Giunto all’apice della carriera istituzionale, sicuramente per meriti e caparbia, ha poi però saputo leggere e interpretare i limiti e le direzioni che le situazioni italiane e di globalizzazione andavano sviluppando e proponendo al sistema produttivo e sociale. Negli ultimi decenni ha espresso una maggior criticità, sviluppando un discorso sociologico sempre più in contrapposizione col sistema politico e finanziario dominante. Importanti sono gli approfondimenti sul significato e le caratteristiche della lotta di classe, che nell’ epoca attuale e diventata soprattutto contrapposizione delle classi dominanti vincenti contro la classe dei perdenti, con lo scopo di consolidare il suo fondamentale interesse: imitare o contrastare lo sviluppo delle classi subalterne e della classe media che possono in qualche misura minacciare lo scopo di continuare ad accumulare capitale.

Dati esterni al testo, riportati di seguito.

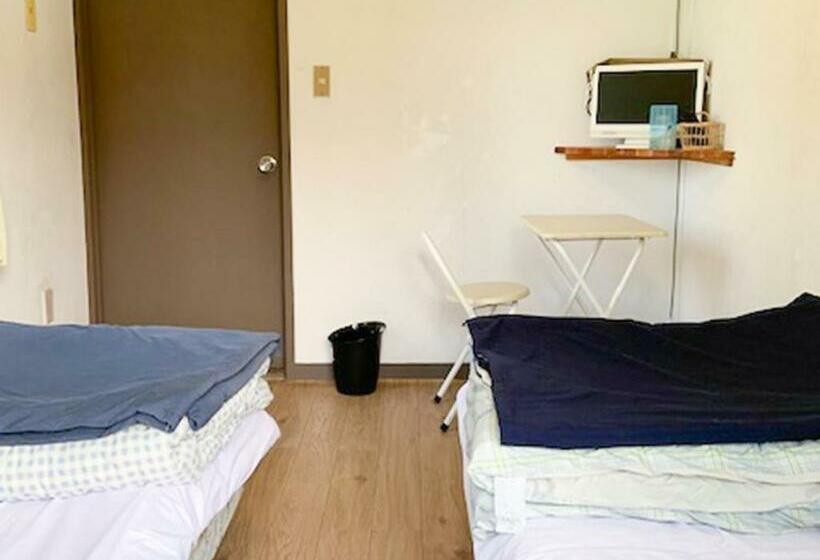 Habitació Estàndard, 五岳庵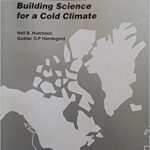 خرید و دانلود نسخه کامل کتاب Building Science for a Cold Climate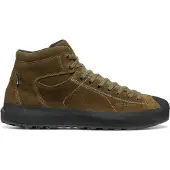 Scarpa Mojito Wrap Mid GTX - Sneaker - dark olive - 41.5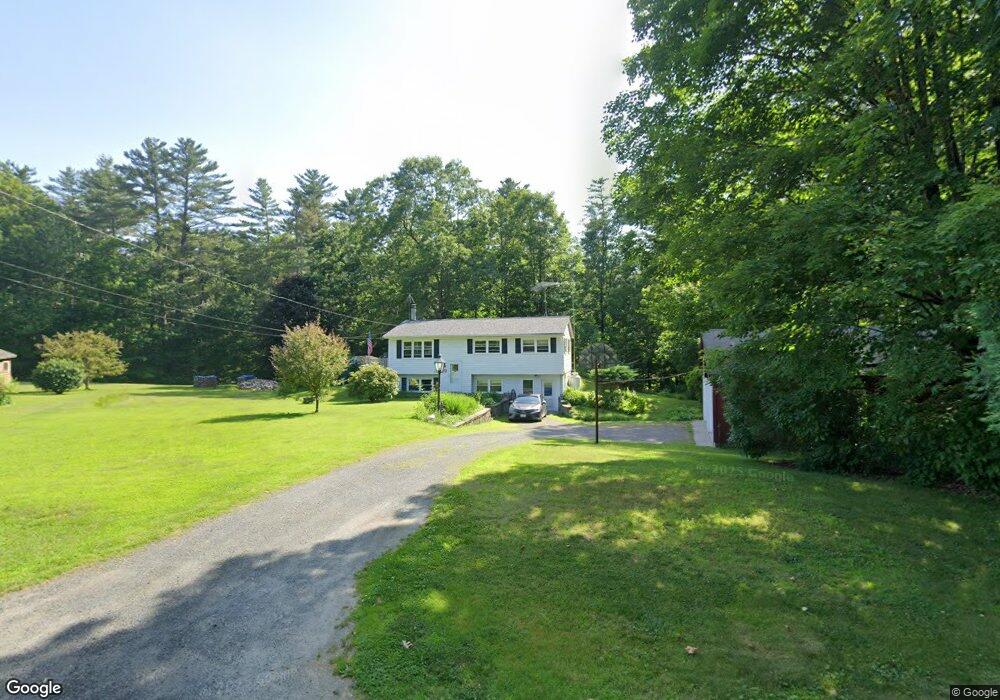 119 Hoe Shop Rd, Bernardston, MA 01337 - photo 1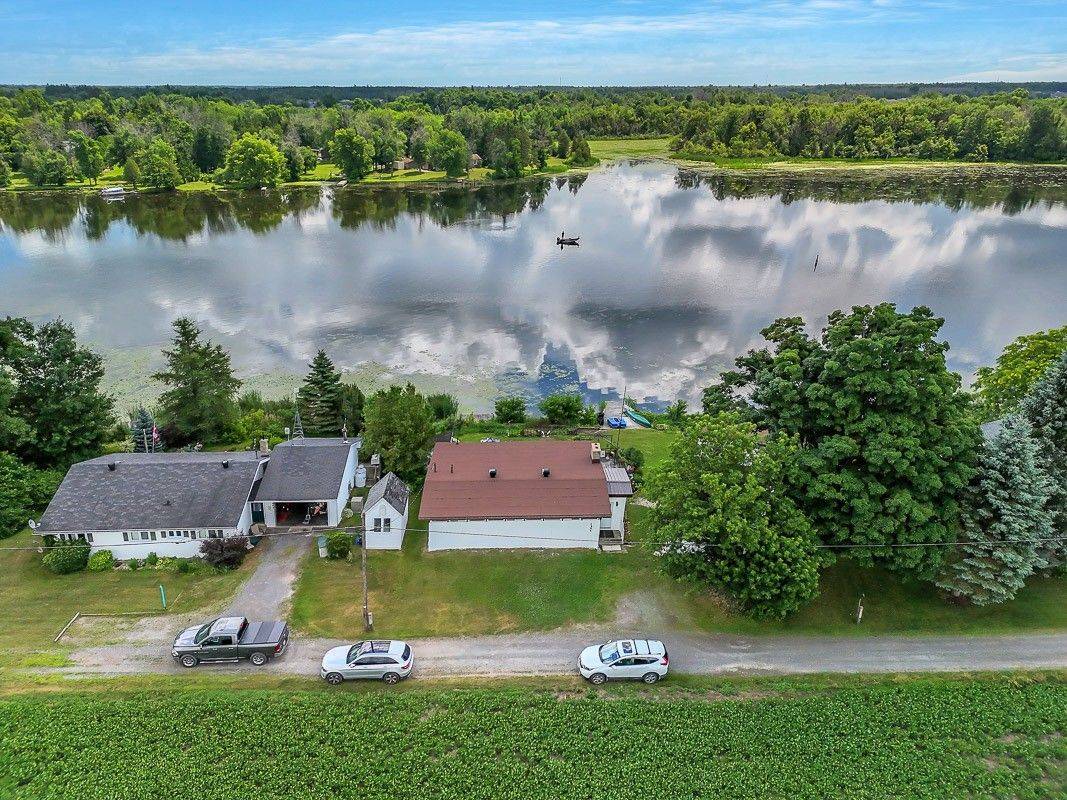 Manotick - Kars - Rideau Twp And Area, ON K0G 1J0,2986 Beaman LN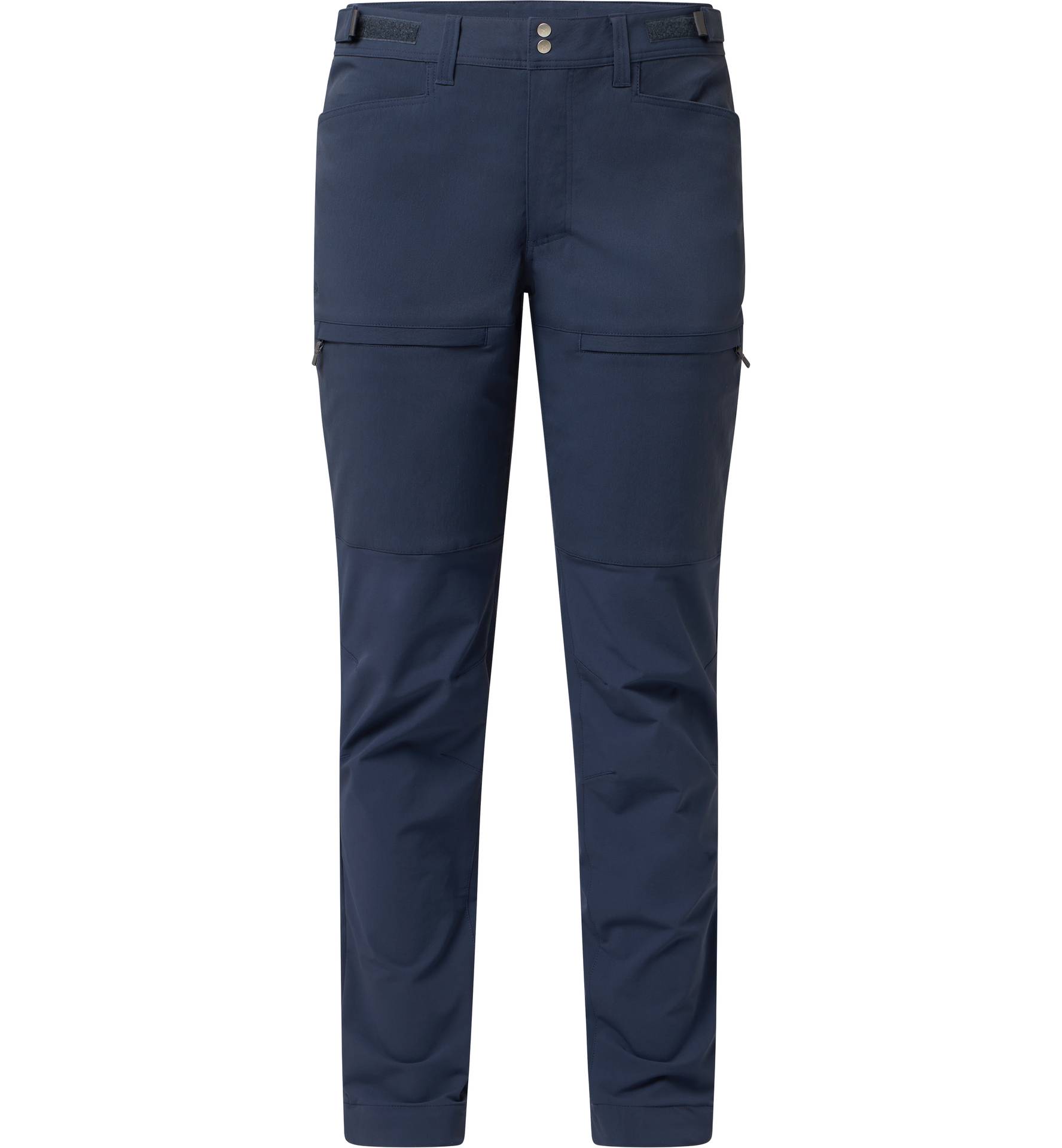 Alert Mid Pant Women Tarn Blue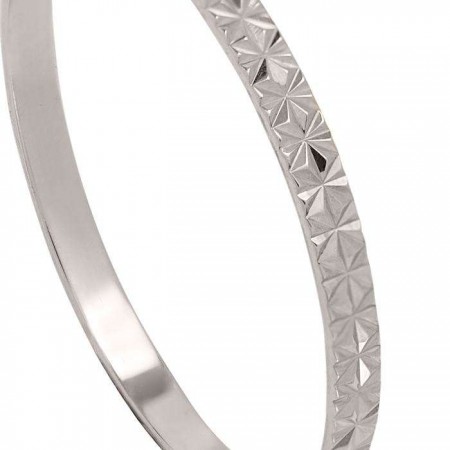 ALIANZA DE BODA EN ORO BLANCO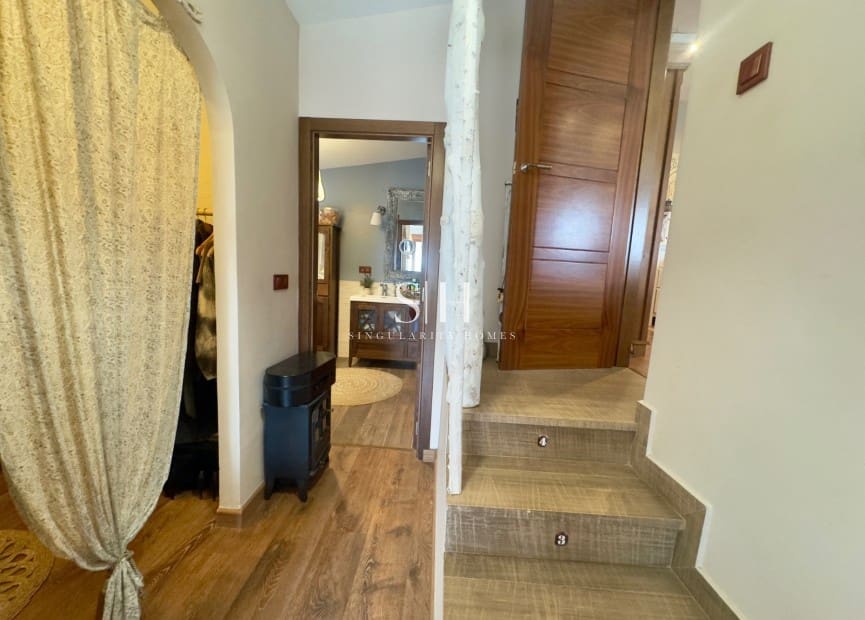 3 soveværelse Villa til salg i Aguas Nuevas - € 730.000 (Ref: 9650557)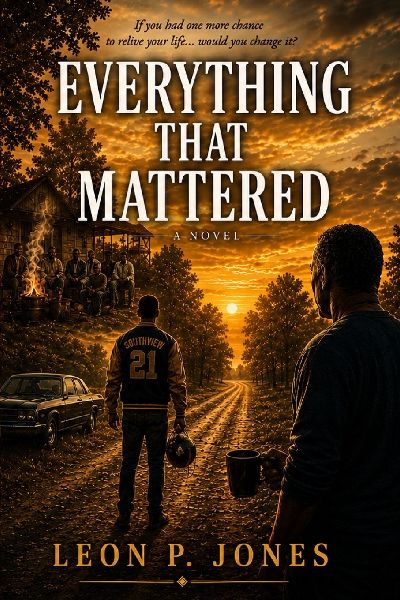 Everything That Mattered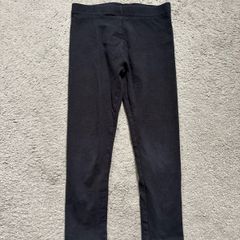 Next girls leggings 5-6 years 116cm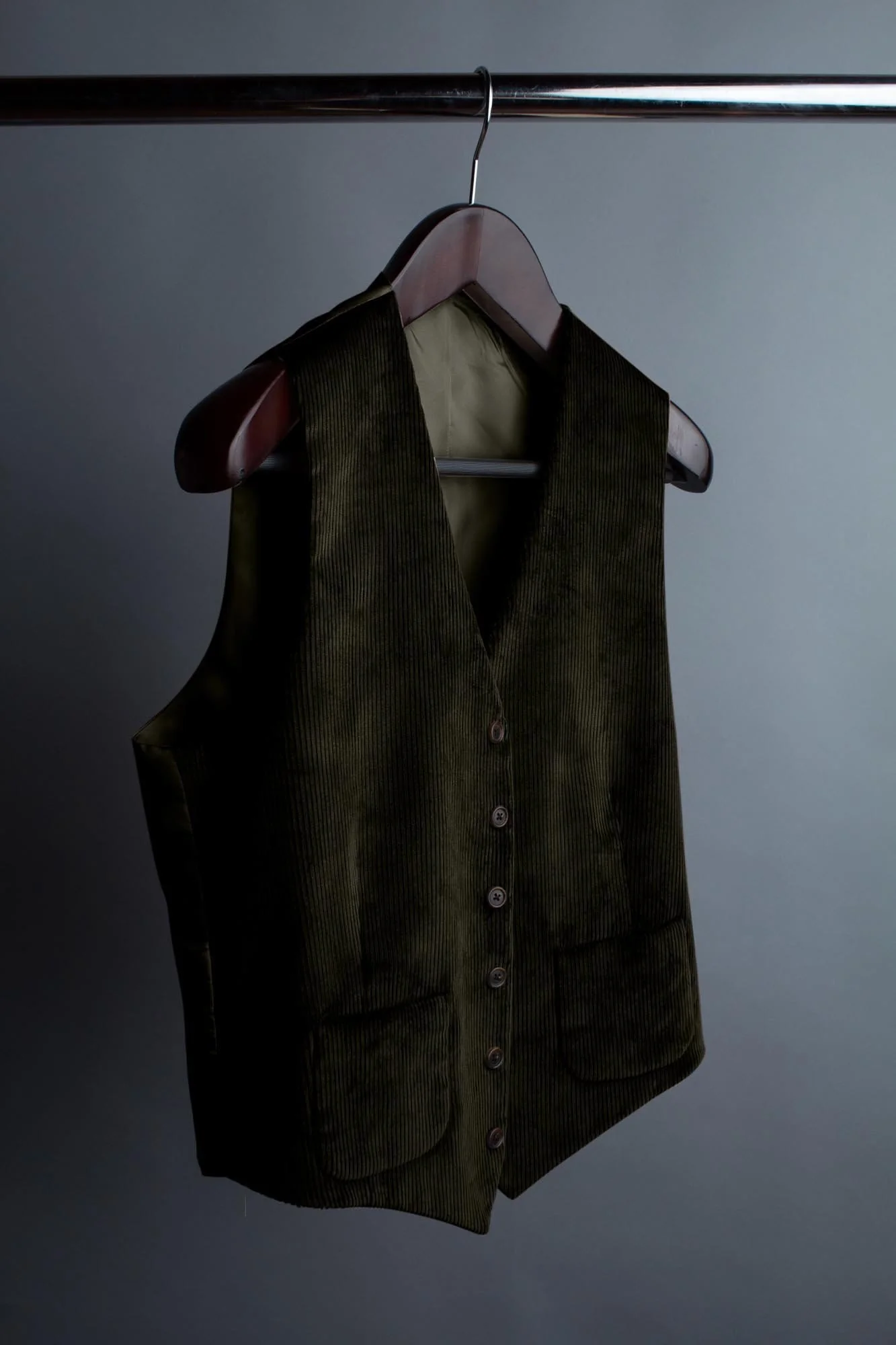 Corduroy Suit - Image 24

Significativi per comprendere i processi di finanziarizzazione sono stati gli studi e le ricerche che hanno prodotto la pubblicazione di: “Finanzcapitalismo” (2011), “Il colpo di stato di banche e governi. L’attacco alle democrazie in Europa” (2013) e “Il denaro, il debito e la doppia crisi spiegati i nostri nipoti” (2015). In queste ricerche ha letto la crisi come il risultato delle intese convergenti tra le esigenze e le volontà del sistema finanziario e quelle delle classi politico-istituzionali dominanti che stanno segnano i destini attuali del mondo. Significativa è l’attenzione alle Mega-macchine sociali, grandi organizzazioni gerarchiche che usano masse di esseri umani per raggiungere i loro scopi. Si tratta di machine organizzative a espansione planetaria con possibilità capillare di penetrazione in tutti i sottosistemi sociali e in tutti gli strati della società, della natura e della persona, così da abbracciare ogni momento e aspetto dell’esistenza degli uni e degli altri.
Per Gallino, il finanzcapitalismo ha come motore non più la produzione di merci ma il sistema finanziario stesso, dove il denaro viene impiegato, investito, fatto circolare sui mercati allo scopo di produrre immediatamente una maggior quantità di denaro, in un processo patologico che appare inarrestabile. Ovviamente di questi aspetti della ricerca è difficile trovare traccia nelle commemorazioni odierne ma si tratta sicuramente dell’aspetto più interessante delle riflessione di Luciano Gallino. Nell’ultimo libro, ragionando sui suoi percorsi, si colloca con lucidità tra gli sconfitti e quindi, in un qualche modo e con tutte le differenze di prospettiva, con quella che sentiamo come nostra parte.